Что Богдан видел в той березе, стоящей неподалеку от заброшенного ветеринарного пункта, кроме него самого никому не ведомо. То была береза как береза. Да что там была? Она и по сей день стоит. И сам пункт стоит. А не верите, поезжайте в Волосянку. Так вот. В березе той не было ничего такого, на что можно было глазеть часами, как это делал Богдан. Кроме разве что одной особенности, справедливей сказать – изъяна. На стволе имелся нарост – овальной формы, выпуклый. Посредине его рассекала глубокая трещина, из которой виднелась полоска розовой березовой плоти. От нароста снизу по стволу трещина бежала дальше – вниз, до самой земли, и струился из нее скупыми каплями липкий березовый сок, похожий на мутные слезы.
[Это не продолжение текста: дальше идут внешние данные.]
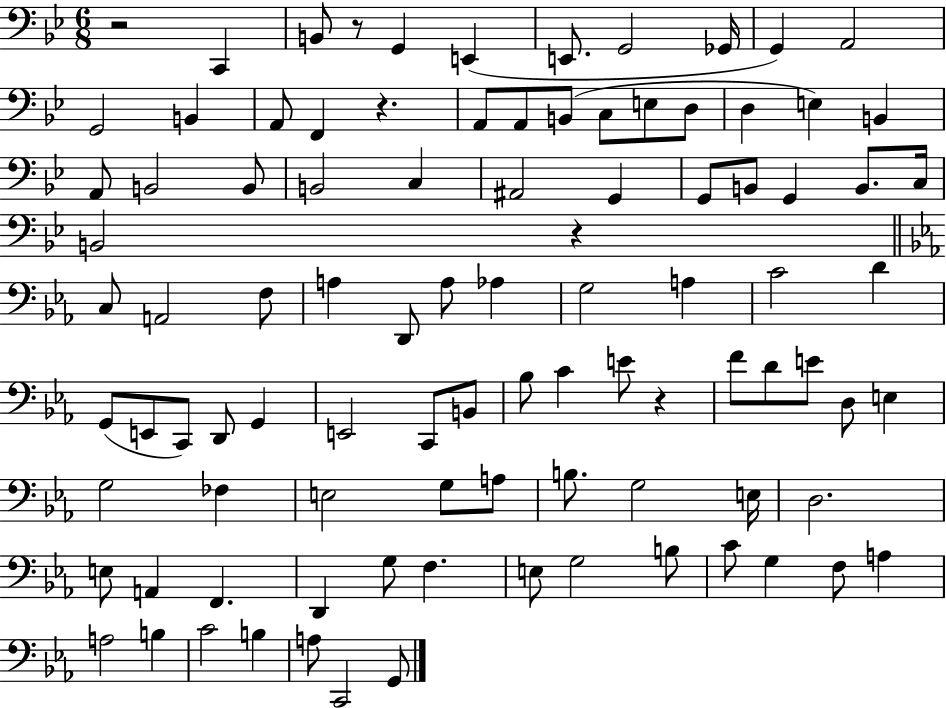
X:1
T:Untitled
M:6/8
L:1/4
K:Bb
z2 C,, B,,/2 z/2 G,, E,, E,,/2 G,,2 _G,,/4 G,, A,,2 G,,2 B,, A,,/2 F,, z A,,/2 A,,/2 B,,/2 C,/2 E,/2 D,/2 D, E, B,, A,,/2 B,,2 B,,/2 B,,2 C, ^A,,2 G,, G,,/2 B,,/2 G,, B,,/2 C,/4 B,,2 z C,/2 A,,2 F,/2 A, D,,/2 A,/2 _A, G,2 A, C2 D G,,/2 E,,/2 C,,/2 D,,/2 G,, E,,2 C,,/2 B,,/2 _B,/2 C E/2 z F/2 D/2 E/2 D,/2 E, G,2 _F, E,2 G,/2 A,/2 B,/2 G,2 E,/4 D,2 E,/2 A,, F,, D,, G,/2 F, E,/2 G,2 B,/2 C/2 G, F,/2 A, A,2 B, C2 B, A,/2 C,,2 G,,/2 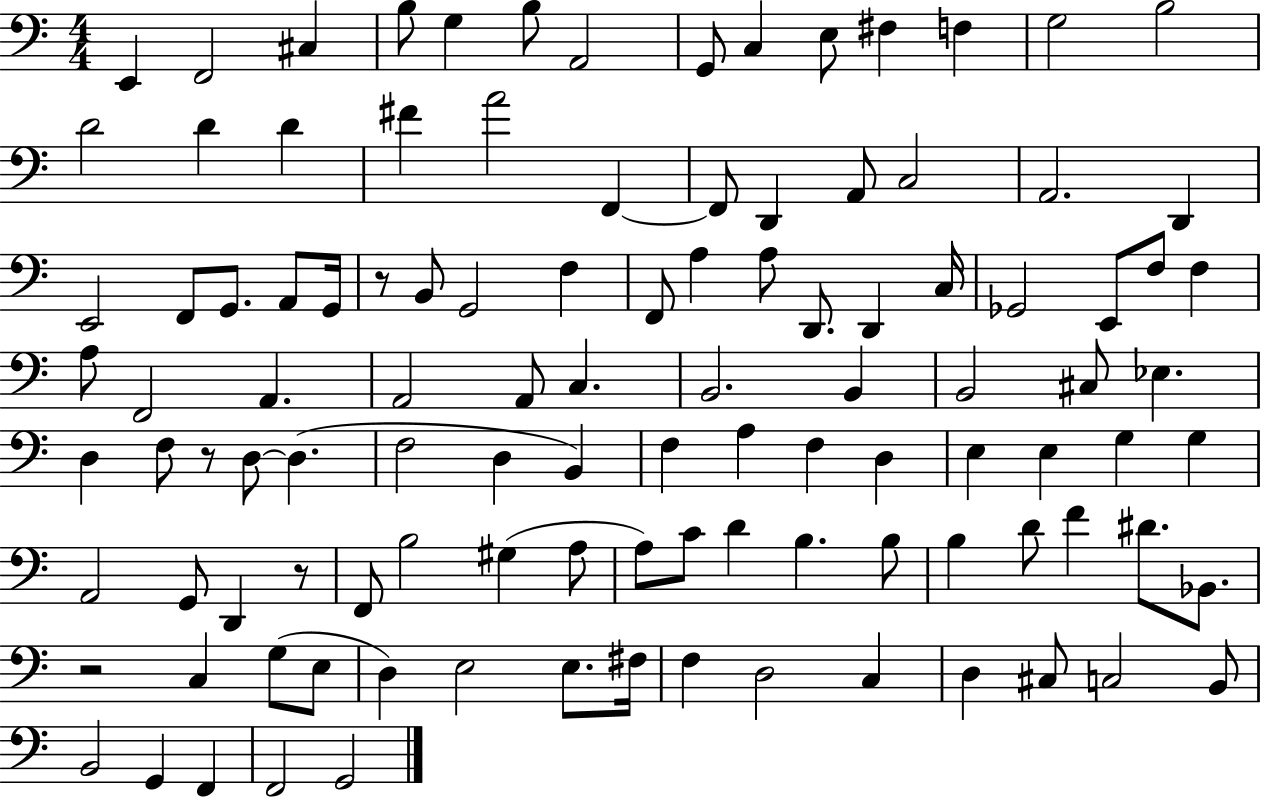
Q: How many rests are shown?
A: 4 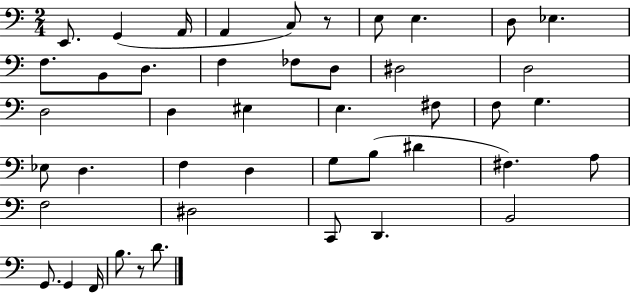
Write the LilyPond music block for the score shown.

{
  \clef bass
  \numericTimeSignature
  \time 2/4
  \key c \major
  e,8. g,4( a,16 | a,4 c8) r8 | e8 e4. | d8 ees4. | \break f8. b,8 d8. | f4 fes8 d8 | dis2 | d2 | \break d2 | d4 eis4 | e4. fis8 | f8 g4. | \break ees8 d4. | f4 d4 | g8 b8( dis'4 | fis4.) a8 | \break f2 | dis2 | c,8 d,4. | b,2 | \break g,8. g,4 f,16 | b8. r8 d'8. | \bar "|."
} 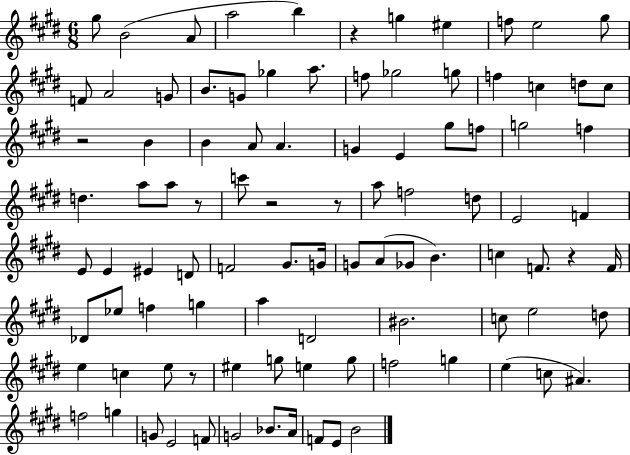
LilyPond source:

{
  \clef treble
  \numericTimeSignature
  \time 6/8
  \key e \major
  gis''8 b'2( a'8 | a''2 b''4) | r4 g''4 eis''4 | f''8 e''2 gis''8 | \break f'8 a'2 g'8 | b'8. g'8 ges''4 a''8. | f''8 ges''2 g''8 | f''4 c''4 d''8 c''8 | \break r2 b'4 | b'4 a'8 a'4. | g'4 e'4 gis''8 f''8 | g''2 f''4 | \break d''4. a''8 a''8 r8 | c'''8 r2 r8 | a''8 f''2 d''8 | e'2 f'4 | \break e'8 e'4 eis'4 d'8 | f'2 gis'8. g'16 | g'8 a'8( ges'8 b'4.) | c''4 f'8. r4 f'16 | \break des'8 ees''8 f''4 g''4 | a''4 d'2 | bis'2. | c''8 e''2 d''8 | \break e''4 c''4 e''8 r8 | eis''4 g''8 e''4 g''8 | f''2 g''4 | e''4( c''8 ais'4.) | \break f''2 g''4 | g'8 e'2 f'8 | g'2 bes'8. a'16 | f'8 e'8 b'2 | \break \bar "|."
} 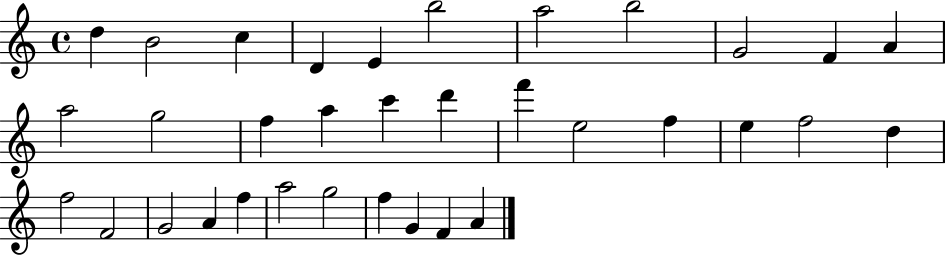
D5/q B4/h C5/q D4/q E4/q B5/h A5/h B5/h G4/h F4/q A4/q A5/h G5/h F5/q A5/q C6/q D6/q F6/q E5/h F5/q E5/q F5/h D5/q F5/h F4/h G4/h A4/q F5/q A5/h G5/h F5/q G4/q F4/q A4/q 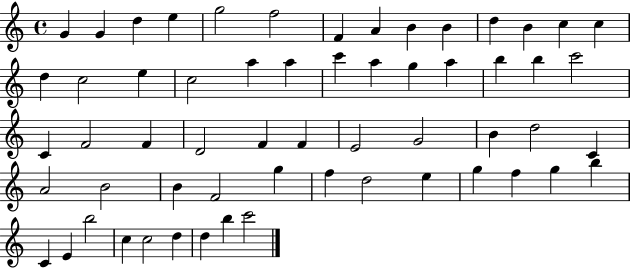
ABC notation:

X:1
T:Untitled
M:4/4
L:1/4
K:C
G G d e g2 f2 F A B B d B c c d c2 e c2 a a c' a g a b b c'2 C F2 F D2 F F E2 G2 B d2 C A2 B2 B F2 g f d2 e g f g b C E b2 c c2 d d b c'2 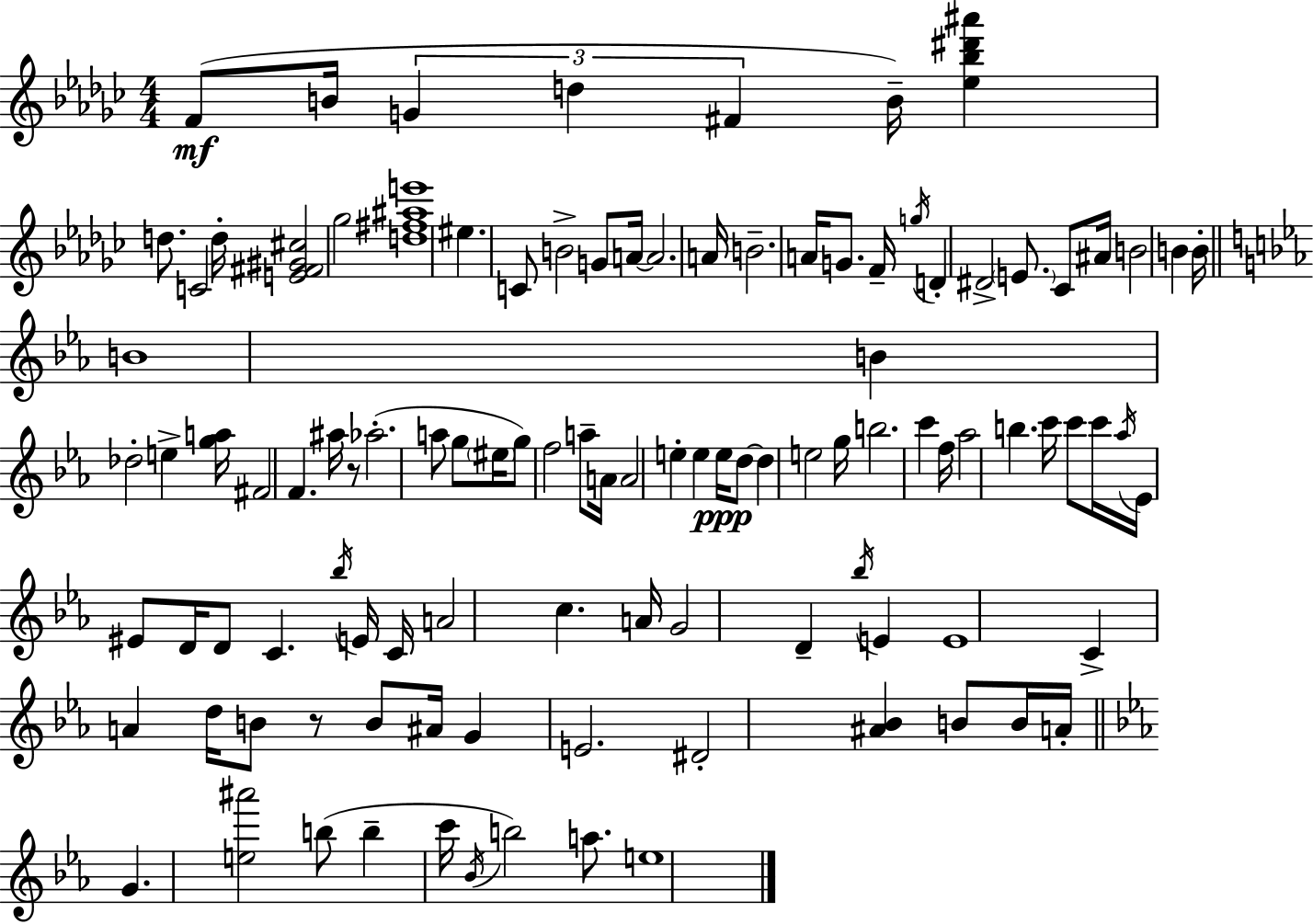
{
  \clef treble
  \numericTimeSignature
  \time 4/4
  \key ees \minor
  \repeat volta 2 { f'8(\mf b'16 \tuplet 3/2 { g'4 d''4 fis'4 } b'16--) | <ees'' bes'' dis''' ais'''>4 d''8. c'2 d''16-. | <e' fis' gis' cis''>2 ges''2 | <d'' fis'' ais'' e'''>1 | \break eis''4. c'8 b'2-> | g'8 a'16~~ a'2. a'16 | b'2.-- a'16 g'8. | f'16-- \acciaccatura { g''16 } d'4-. dis'2-> \parenthesize e'8. | \break ces'8 ais'16 b'2 b'4 | b'16-. \bar "||" \break \key ees \major b'1 | b'4 des''2-. e''4-> | <g'' a''>16 fis'2 f'4. ais''16 | r8 aes''2.-.( a''8 | \break g''8 \parenthesize eis''16 g''8) f''2 a''8-- a'16 | a'2 e''4-. e''4 | e''16\ppp d''8~~ d''4 e''2 g''16 | b''2. c'''4 | \break f''16 aes''2 b''4. c'''16 | c'''8 c'''16 \acciaccatura { aes''16 } ees'16 eis'8 d'16 d'8 c'4. | \acciaccatura { bes''16 } e'16 c'16 a'2 c''4. | a'16 g'2 d'4-- \acciaccatura { bes''16 } e'4 | \break e'1 | c'4-> a'4 d''16 b'8 r8 | b'8 ais'16 g'4 e'2. | dis'2-. <ais' bes'>4 b'8 | \break b'16 a'16-. \bar "||" \break \key c \minor g'4. <e'' ais'''>2 b''8( | b''4-- c'''16 \acciaccatura { bes'16 }) b''2 a''8. | e''1 | } \bar "|."
} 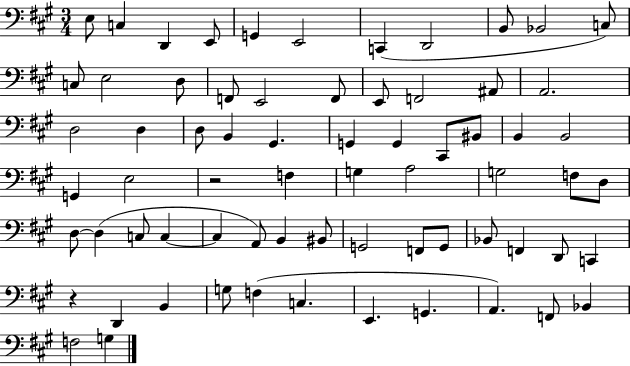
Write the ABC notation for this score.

X:1
T:Untitled
M:3/4
L:1/4
K:A
E,/2 C, D,, E,,/2 G,, E,,2 C,, D,,2 B,,/2 _B,,2 C,/2 C,/2 E,2 D,/2 F,,/2 E,,2 F,,/2 E,,/2 F,,2 ^A,,/2 A,,2 D,2 D, D,/2 B,, ^G,, G,, G,, ^C,,/2 ^B,,/2 B,, B,,2 G,, E,2 z2 F, G, A,2 G,2 F,/2 D,/2 D,/2 D, C,/2 C, C, A,,/2 B,, ^B,,/2 G,,2 F,,/2 G,,/2 _B,,/2 F,, D,,/2 C,, z D,, B,, G,/2 F, C, E,, G,, A,, F,,/2 _B,, F,2 G, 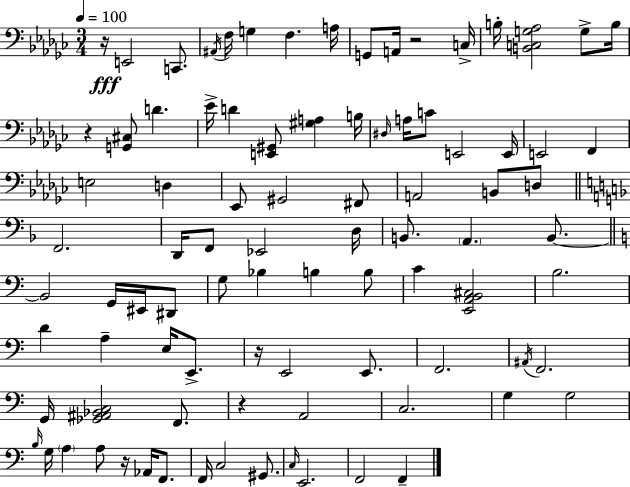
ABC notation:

X:1
T:Untitled
M:3/4
L:1/4
K:Ebm
z/4 E,,2 C,,/2 ^A,,/4 F,/4 G, F, A,/4 G,,/2 A,,/4 z2 C,/4 B,/4 [B,,C,G,_A,]2 G,/2 B,/4 z [G,,^C,]/2 D _E/4 D [E,,^G,,]/2 [^G,A,] B,/4 ^D,/4 A,/4 C/2 E,,2 E,,/4 E,,2 F,, E,2 D, _E,,/2 ^G,,2 ^F,,/2 A,,2 B,,/2 D,/2 F,,2 D,,/4 F,,/2 _E,,2 D,/4 B,,/2 A,, B,,/2 B,,2 G,,/4 ^E,,/4 ^D,,/2 G,/2 _B, B, B,/2 C [E,,A,,B,,^C,]2 B,2 D A, E,/4 E,,/2 z/4 E,,2 E,,/2 F,,2 ^A,,/4 F,,2 G,,/4 [_G,,^A,,_B,,C,]2 F,,/2 z A,,2 C,2 G, G,2 B,/4 G,/4 A, A,/2 z/4 _A,,/4 F,,/2 F,,/4 C,2 ^G,,/2 C,/4 E,,2 F,,2 F,, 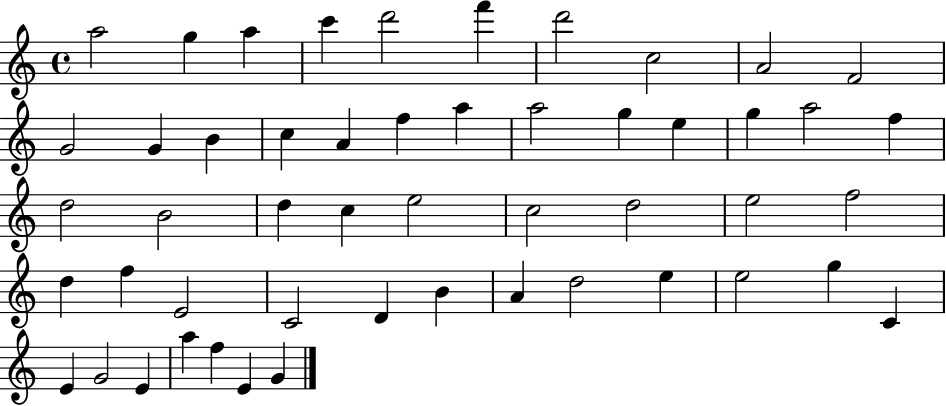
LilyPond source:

{
  \clef treble
  \time 4/4
  \defaultTimeSignature
  \key c \major
  a''2 g''4 a''4 | c'''4 d'''2 f'''4 | d'''2 c''2 | a'2 f'2 | \break g'2 g'4 b'4 | c''4 a'4 f''4 a''4 | a''2 g''4 e''4 | g''4 a''2 f''4 | \break d''2 b'2 | d''4 c''4 e''2 | c''2 d''2 | e''2 f''2 | \break d''4 f''4 e'2 | c'2 d'4 b'4 | a'4 d''2 e''4 | e''2 g''4 c'4 | \break e'4 g'2 e'4 | a''4 f''4 e'4 g'4 | \bar "|."
} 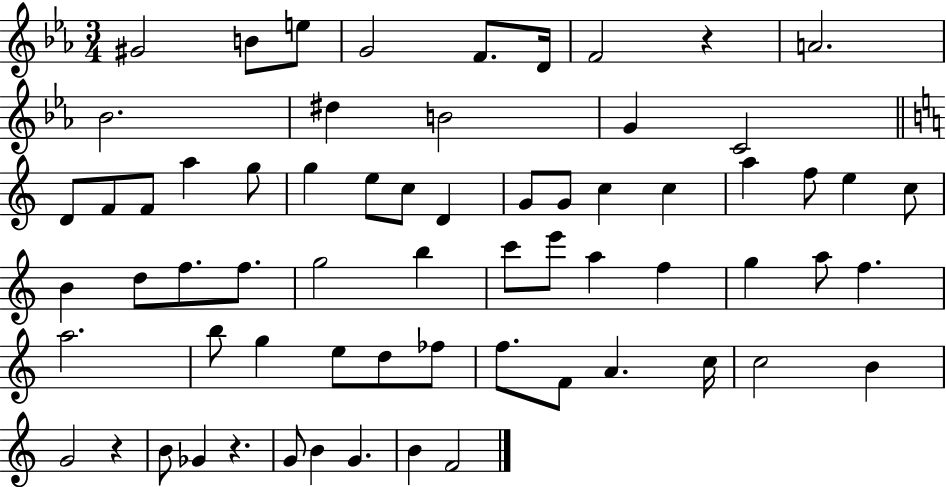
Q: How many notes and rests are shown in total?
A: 66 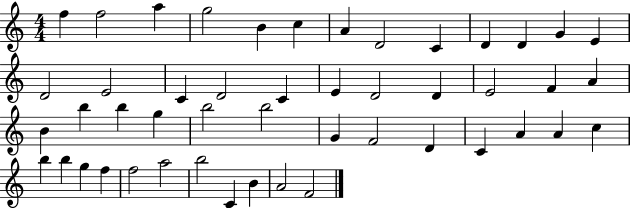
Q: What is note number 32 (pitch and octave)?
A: F4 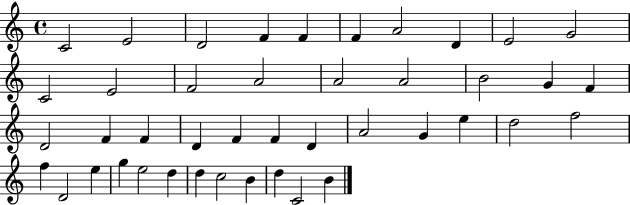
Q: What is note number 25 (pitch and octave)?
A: F4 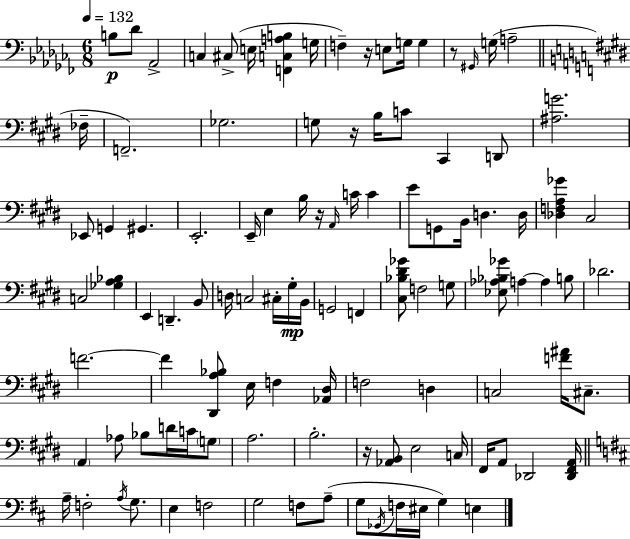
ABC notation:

X:1
T:Untitled
M:6/8
L:1/4
K:Abm
B,/2 _D/2 _A,,2 C, ^C,/2 E,/4 [F,,C,A,B,] G,/4 F, z/4 E,/2 G,/4 G, z/2 ^G,,/4 G,/4 A,2 _F,/4 F,,2 _G,2 G,/2 z/4 B,/4 C/2 ^C,, D,,/2 [^A,G]2 _E,,/2 G,, ^G,, E,,2 E,,/4 E, B,/4 z/4 A,,/4 C/4 C E/2 G,,/2 B,,/4 D, D,/4 [_D,F,A,_G] ^C,2 C,2 [_G,A,_B,] E,, D,, B,,/2 D,/4 C,2 ^C,/4 ^G,/4 B,,/4 G,,2 F,, [^C,_B,^D_G]/2 F,2 G,/2 [_E,_A,_B,_G]/2 A, A, B,/2 _D2 F2 F [^D,,A,_B,]/2 E,/4 F, [_A,,^D,]/4 F,2 D, C,2 [F^A]/4 ^C,/2 A,, _A,/2 _B,/2 D/4 C/4 G,/2 A,2 B,2 z/4 [_A,,B,,]/2 E,2 C,/4 ^F,,/4 A,,/2 _D,,2 [_D,,^F,,A,,]/4 A,/4 F,2 A,/4 G,/2 E, F,2 G,2 F,/2 A,/2 G,/2 _G,,/4 F,/4 ^E,/4 G, E,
И вот если присмотреться к наросту и трещине, если взглядом выделить только их да и обхватить отдельно от всего другого, а еще переключить взгляд так, чтобы не виделось, а казалось, то береза представала как имеющая срамное женское место. И не туда ли смотрел Богдан, который, как известно, после смерти Светланки отношений с женским полом больше не завязывал, а жил себе один в окружении своих кур, кошек и собак? Но имеем ли мы право столь дурно об этом тихом человеке судить? Впрочем, почему-то он ведь выбрал именно эту березу…
Сморгнув видимое с глаз, Богдан отходил от березы и следующую остановку делал у уже описанного выше ветеринарного пункта. Глядел в его заколоченные окна, имея на лице выражение такое, словно вот только что, пока стоял у березы, стал свидетелем некого постыдства, да только не получил от него удовольствия, а одно лишь смущение, какое возникает у детей, когда им невдомек смысл происходящего, но душа их – бессмертная и древняя – замирает и пугается.
Стоя у домишка, Богдан мрачнел и хмурился, сверлил глазами окна, хотя ведь мог бы нагнуться. Дышал тяжело – то споры затхлости находили путь через нижние доски и щекотали в носу, отгоняя отсюда живое. Богдан вздыхал, по всему было видно, мучился, но от домика не отходил. Впрочем, за все годы, прошедшие с тех пор, как он заприметил березу, Богдан в него так ни разу и не вошел. Однако всему когда-нибудь приходит конец. Пришел конец и бездеятельному созерцанию Богдана.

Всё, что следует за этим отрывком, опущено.